The breakdown in services which continues to linger on in lower Manhattan a week after super-storm Sandy tore through the city could make tenants have second thoughts about renting office space in the area. Tenants might think twice before re-leasing or making a move to an area where the rebirth following the terrorist attacks on September 11th 2001 has already been painfully slow, according to a number of brokers.
Thousands of people who work south of Manhattan’s 34th Street have been informed that it is possible they might not be able to go back to their offices for at least another few weeks, as a result of the flood damage and power outages, while others have been told to dress in warm clothes or even bring blankets with them when they go back to work as the offices do not have hot water or heat in an area being dubbed ‘SoPo’ (South of Power).

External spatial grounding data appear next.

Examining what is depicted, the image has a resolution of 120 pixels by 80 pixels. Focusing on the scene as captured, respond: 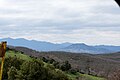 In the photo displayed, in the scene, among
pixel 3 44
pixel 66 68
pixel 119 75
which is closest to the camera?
pixel 3 44

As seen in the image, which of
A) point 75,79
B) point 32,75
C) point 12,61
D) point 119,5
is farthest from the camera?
point 75,79

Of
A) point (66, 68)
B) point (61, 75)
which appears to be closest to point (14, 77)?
point (61, 75)

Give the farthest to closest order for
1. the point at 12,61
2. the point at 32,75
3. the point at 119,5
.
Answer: the point at 12,61
the point at 32,75
the point at 119,5

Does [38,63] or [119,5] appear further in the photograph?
[38,63]

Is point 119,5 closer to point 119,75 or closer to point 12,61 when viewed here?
point 119,75

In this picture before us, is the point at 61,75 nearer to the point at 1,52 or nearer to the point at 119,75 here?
the point at 119,75

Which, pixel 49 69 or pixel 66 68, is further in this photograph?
pixel 66 68

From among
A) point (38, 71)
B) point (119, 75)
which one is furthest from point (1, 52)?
point (38, 71)

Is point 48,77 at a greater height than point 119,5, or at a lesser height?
lesser

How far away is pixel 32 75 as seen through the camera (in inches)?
2931

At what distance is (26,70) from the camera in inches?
2931

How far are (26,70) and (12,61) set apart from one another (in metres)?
15.9

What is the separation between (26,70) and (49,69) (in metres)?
6.47

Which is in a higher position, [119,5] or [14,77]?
[119,5] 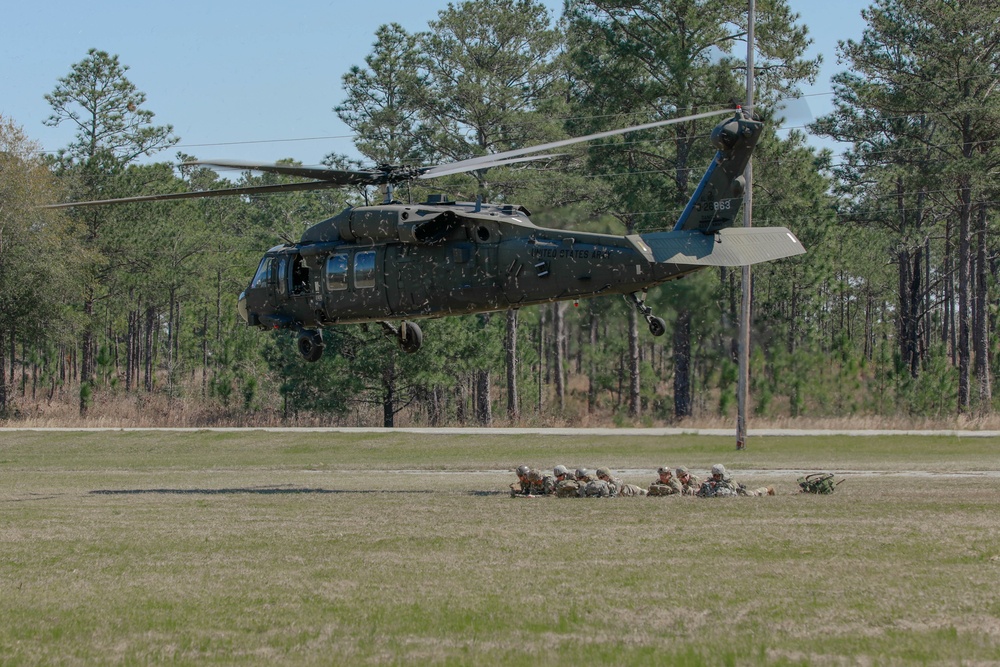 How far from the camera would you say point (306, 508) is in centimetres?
1767

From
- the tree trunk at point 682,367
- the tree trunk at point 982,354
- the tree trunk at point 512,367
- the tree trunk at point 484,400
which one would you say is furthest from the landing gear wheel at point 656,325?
the tree trunk at point 982,354

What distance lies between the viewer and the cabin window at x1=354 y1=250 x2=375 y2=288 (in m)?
21.2

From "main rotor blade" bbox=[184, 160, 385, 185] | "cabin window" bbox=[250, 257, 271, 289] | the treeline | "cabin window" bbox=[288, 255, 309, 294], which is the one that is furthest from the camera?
the treeline

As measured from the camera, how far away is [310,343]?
22.5m

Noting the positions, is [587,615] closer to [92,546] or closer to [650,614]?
[650,614]

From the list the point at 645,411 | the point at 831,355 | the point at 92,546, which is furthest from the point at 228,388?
the point at 92,546

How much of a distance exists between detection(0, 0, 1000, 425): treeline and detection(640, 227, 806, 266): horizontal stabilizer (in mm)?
19405

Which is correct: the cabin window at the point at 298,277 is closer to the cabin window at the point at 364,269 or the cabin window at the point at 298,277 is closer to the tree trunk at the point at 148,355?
the cabin window at the point at 364,269

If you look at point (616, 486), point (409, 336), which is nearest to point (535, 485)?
point (616, 486)

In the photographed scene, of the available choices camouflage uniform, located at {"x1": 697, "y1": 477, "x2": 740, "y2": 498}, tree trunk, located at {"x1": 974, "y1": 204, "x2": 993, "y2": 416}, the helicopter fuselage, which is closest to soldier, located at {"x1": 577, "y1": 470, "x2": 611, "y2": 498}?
camouflage uniform, located at {"x1": 697, "y1": 477, "x2": 740, "y2": 498}

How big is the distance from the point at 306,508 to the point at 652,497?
5432 mm

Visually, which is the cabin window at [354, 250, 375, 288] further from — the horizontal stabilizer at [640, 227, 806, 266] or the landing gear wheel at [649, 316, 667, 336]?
the landing gear wheel at [649, 316, 667, 336]

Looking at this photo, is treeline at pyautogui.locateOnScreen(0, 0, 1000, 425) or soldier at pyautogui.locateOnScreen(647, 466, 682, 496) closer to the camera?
soldier at pyautogui.locateOnScreen(647, 466, 682, 496)

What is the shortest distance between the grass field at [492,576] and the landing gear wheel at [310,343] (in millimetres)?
2559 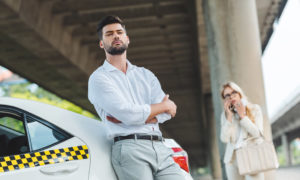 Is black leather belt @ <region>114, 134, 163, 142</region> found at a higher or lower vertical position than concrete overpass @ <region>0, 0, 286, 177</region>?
lower

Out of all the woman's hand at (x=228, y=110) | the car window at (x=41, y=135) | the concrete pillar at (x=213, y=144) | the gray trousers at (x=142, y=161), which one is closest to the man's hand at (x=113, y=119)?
the gray trousers at (x=142, y=161)

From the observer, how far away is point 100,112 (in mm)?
2992

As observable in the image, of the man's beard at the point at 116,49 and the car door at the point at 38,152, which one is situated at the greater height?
the man's beard at the point at 116,49

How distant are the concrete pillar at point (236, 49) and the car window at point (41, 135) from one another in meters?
7.54

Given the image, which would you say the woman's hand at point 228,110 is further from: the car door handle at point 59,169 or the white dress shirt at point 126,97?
the car door handle at point 59,169

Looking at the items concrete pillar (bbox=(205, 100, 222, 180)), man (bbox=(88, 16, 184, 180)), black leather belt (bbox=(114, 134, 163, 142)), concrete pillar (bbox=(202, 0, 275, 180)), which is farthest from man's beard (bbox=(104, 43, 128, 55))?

Although the whole of the metro region in New York could have demands for office space damaged by the storm, it is the region south of Manhattan’s Canal Street, which was hard hit by the hurricane, which could end up suffering the most, according to brokers, with lower demand potentially putting pressure on rents. “I think it’s going to have to impact the reprising paradigm downtown,” says broker Dan Horowitz, who works for tenant representative company Studley. It just makes the downtown decision a bit more complicated.”
Eleven years ago the World Trade Center terrorist attacks saw the downtown office market left reeling, with some structures and even part of the transportation system for lower Manhattan wiped out. Tenants who may have thought about relocation to offices in that area and even the rest of Manhattan could now be dissuaded by fears that they could be hit by the next super-storm to hit New York. “I think this was a blow to all of Manhattan,” says Horowitz. “It may impact space decision in Manhattan versus other areas and the way companies allocate their staffing decision and the extent in which they concentrate people in New York.”
Other brokers are not nearly so alarmist, however, with the president of the New York regional area for Jones Lang LaSalle, Peter Riguardi, saying that while the storm will certainly create challenges for businesses in the area in the short term, the opening of the new World Trade Center, which resumed construction on Monday, will result in a tidal wave of positive market growth for lower Manhattan.
Low-lying areas in Manhattan are where office buildings were hardest hit by Hurricane Sandy. The areas are concentrated along the coast in an area which is referred to as ‘Zone A’, which saw mandatory evacuation during the storm. This move resulted in numerous employers looking to find office space. A number of employees in the area continue to work in temporary spaces or even from their own homes, with 1 New York Plaza, which houses businesses such as Morgan Stanley and the Fried, Frank, Harris, Shriver & Jacobson LLP law firm, likely to remain closed for weeks.